◆ **DATA BELOW**:
*** Block opens ***

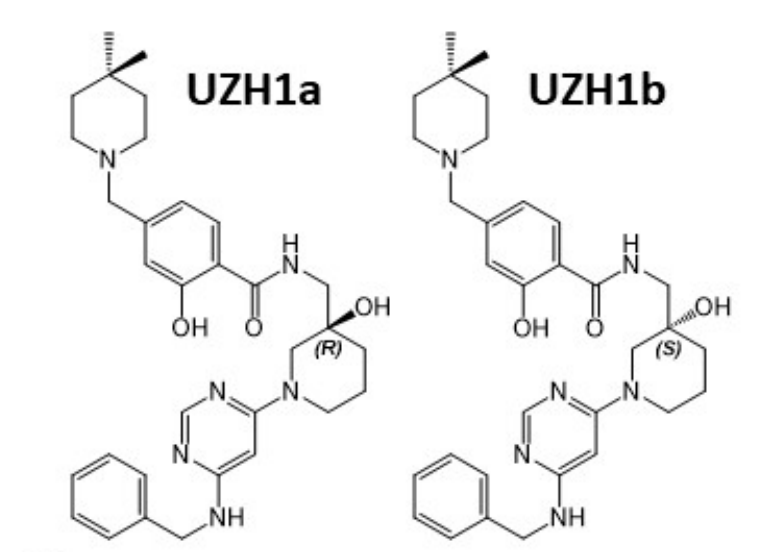 研究职员报告了一种具有细胞渗透性的选择性METTL3纳摩尔抑制剂UZH1a，作者谢谢EBET易博合成了UZH1a和UZH1b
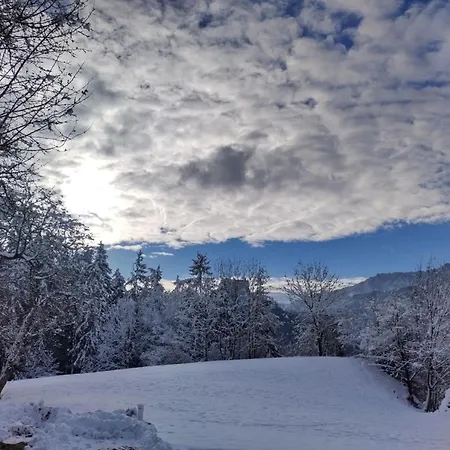 Zetzenberghuette Naehe Skiwelt Amade *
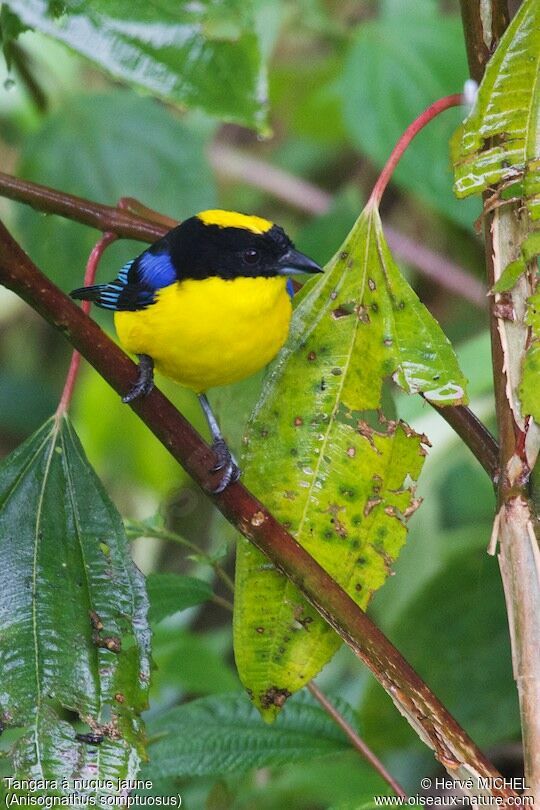 Blue-winged Mountain Tanager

*** Block closes ***

◆ **WORK REQUEST**:
Word for word, reproduce each line from the one with "Zetzenberghuette Naehe Skiwelt Amade *" through the last line of the material above, both included, and drop the pictures.

◆ **EXERCISE RESPONSE**:
 Zetzenberghuette Naehe Skiwelt Amade *
 Blue-winged Mountain Tanager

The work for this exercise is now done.